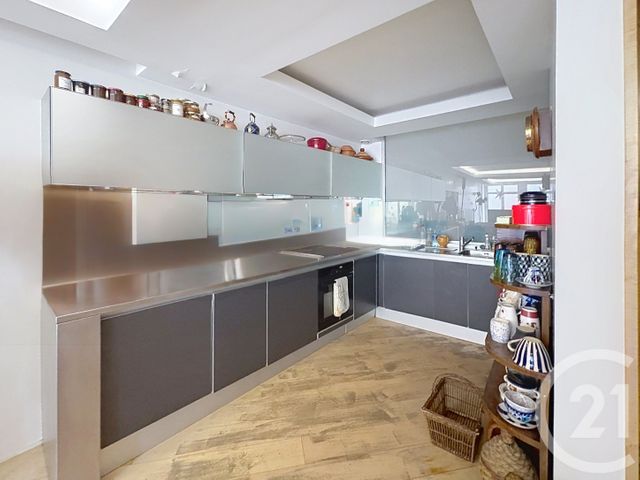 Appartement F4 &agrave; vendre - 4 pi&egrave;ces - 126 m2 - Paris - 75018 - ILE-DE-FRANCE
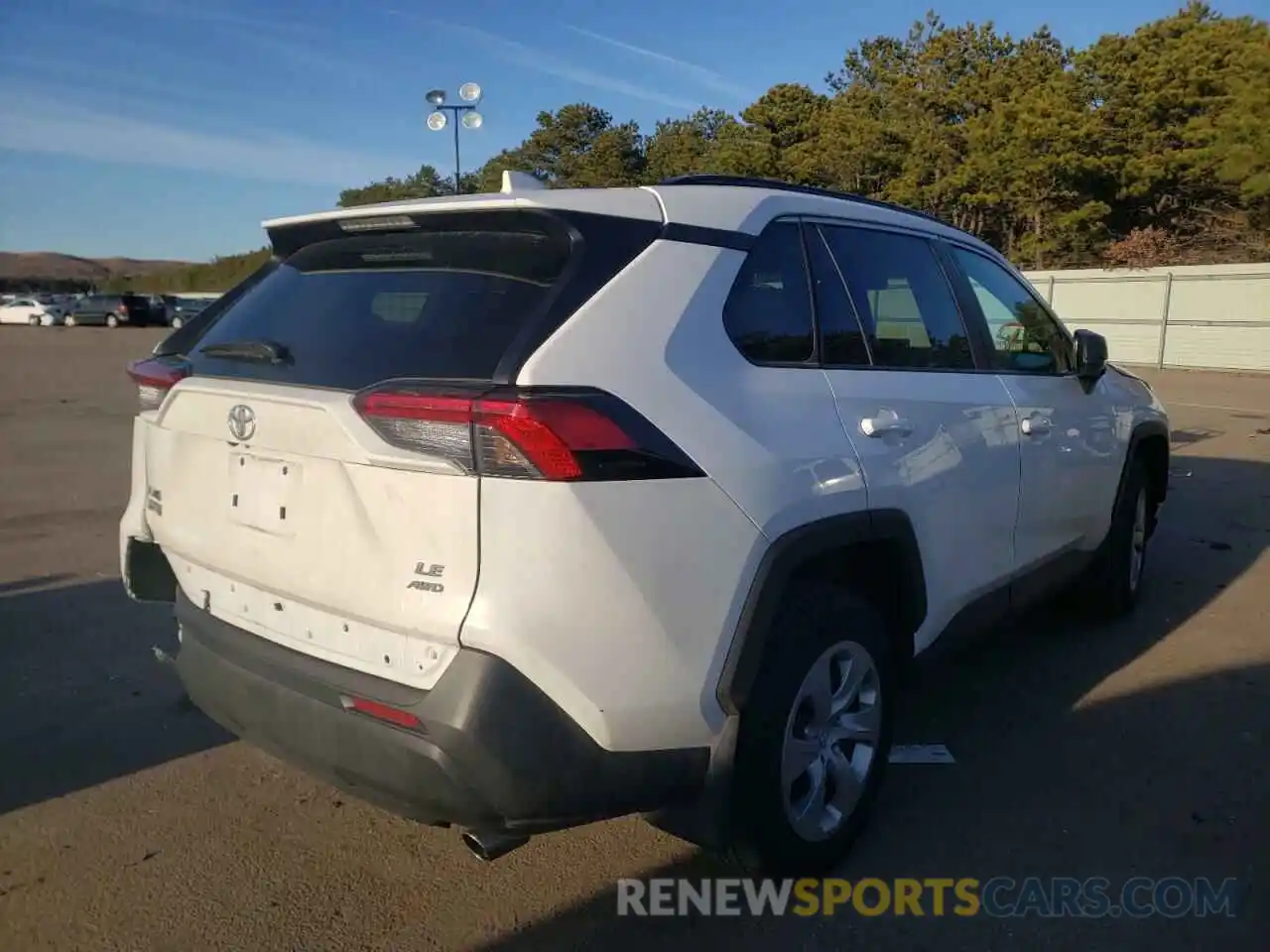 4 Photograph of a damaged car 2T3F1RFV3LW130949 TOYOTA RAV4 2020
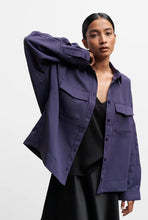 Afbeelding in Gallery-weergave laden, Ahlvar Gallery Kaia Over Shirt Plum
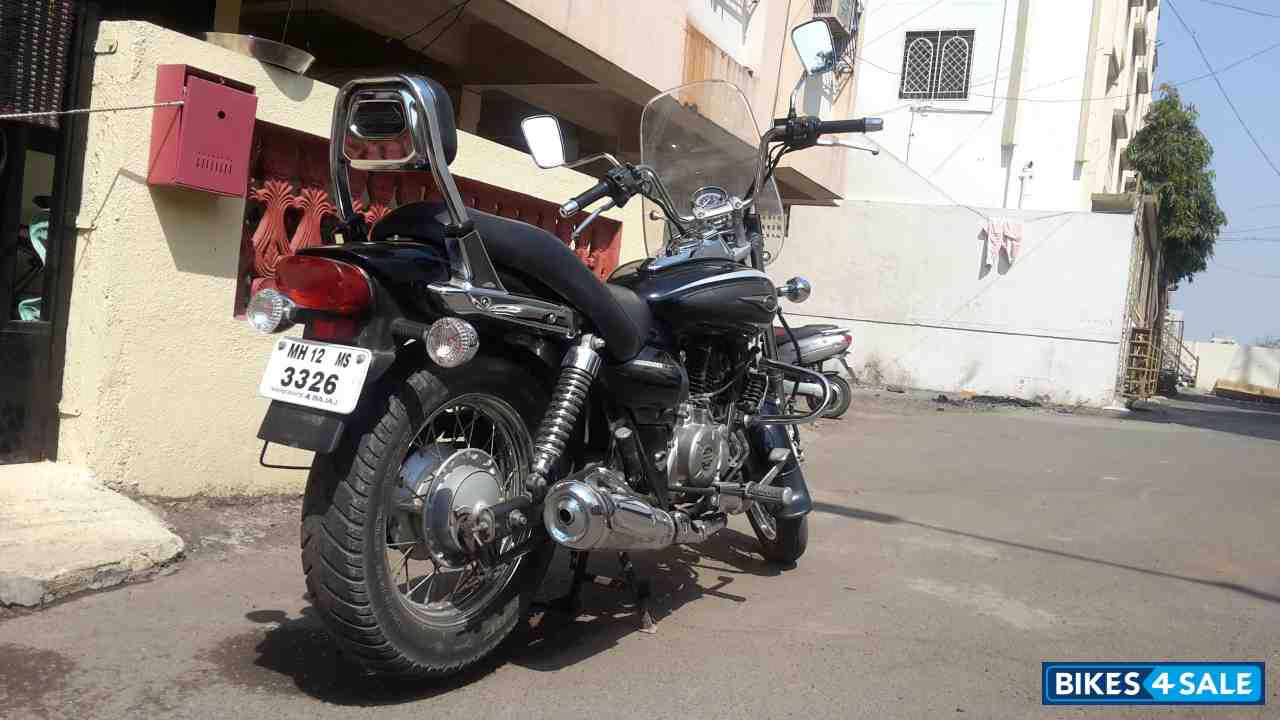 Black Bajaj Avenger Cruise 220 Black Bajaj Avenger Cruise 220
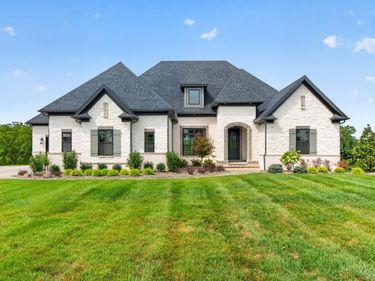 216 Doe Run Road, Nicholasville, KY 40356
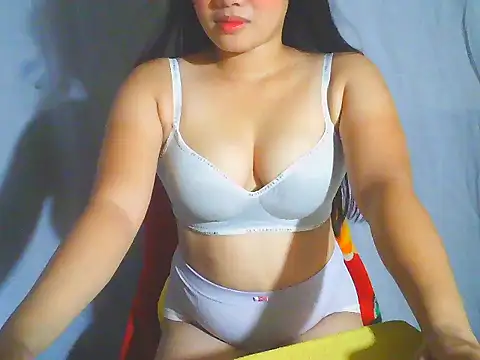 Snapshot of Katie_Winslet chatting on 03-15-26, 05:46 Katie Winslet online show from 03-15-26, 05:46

---

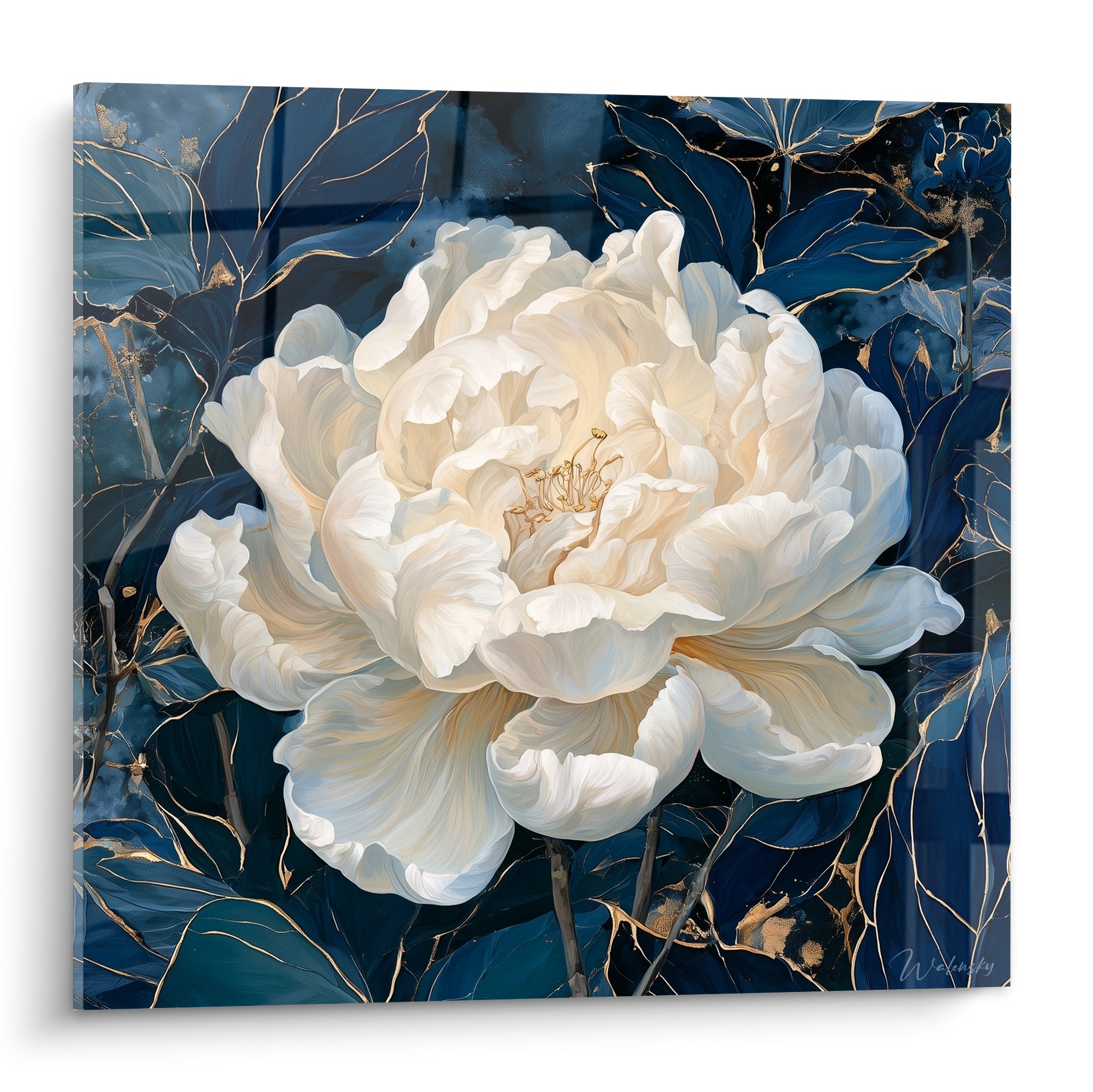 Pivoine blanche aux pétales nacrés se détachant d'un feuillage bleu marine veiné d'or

...

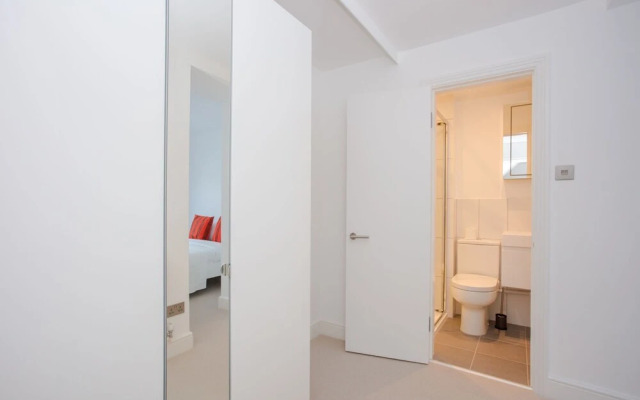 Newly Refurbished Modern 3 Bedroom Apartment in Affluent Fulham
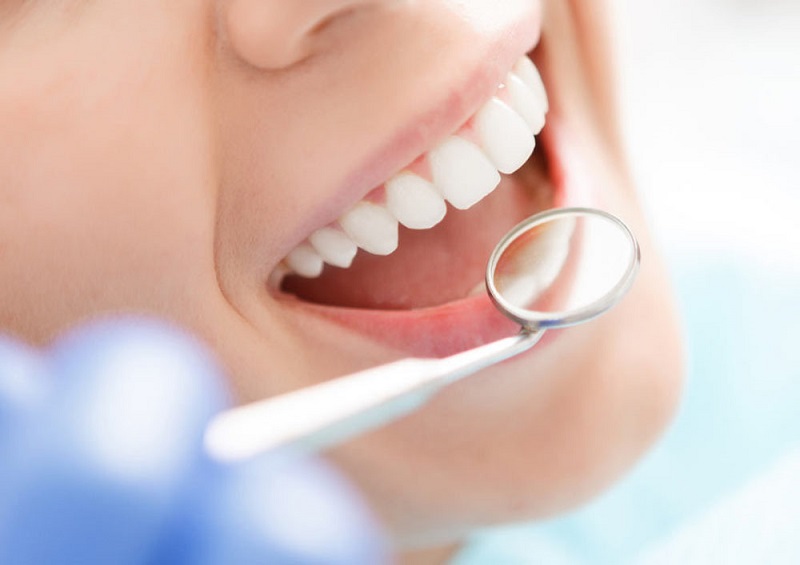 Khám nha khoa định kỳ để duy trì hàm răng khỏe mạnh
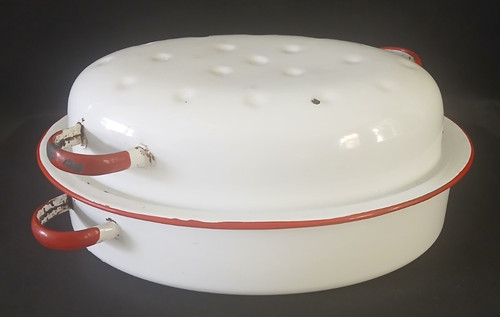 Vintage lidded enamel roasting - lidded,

=== EXERCISE DIRECTIONS ===
Your answer should consist of the lines above between those holding "Khám nha khoa" and "Vintage lidded enamel", inclusive, reproduced word for word and without pictures.

=== THE COMPLETED TASK ===
 Khám nha khoa định kỳ để duy trì hàm răng khỏe mạnh
 Vintage lidded enamel roasting - lidded,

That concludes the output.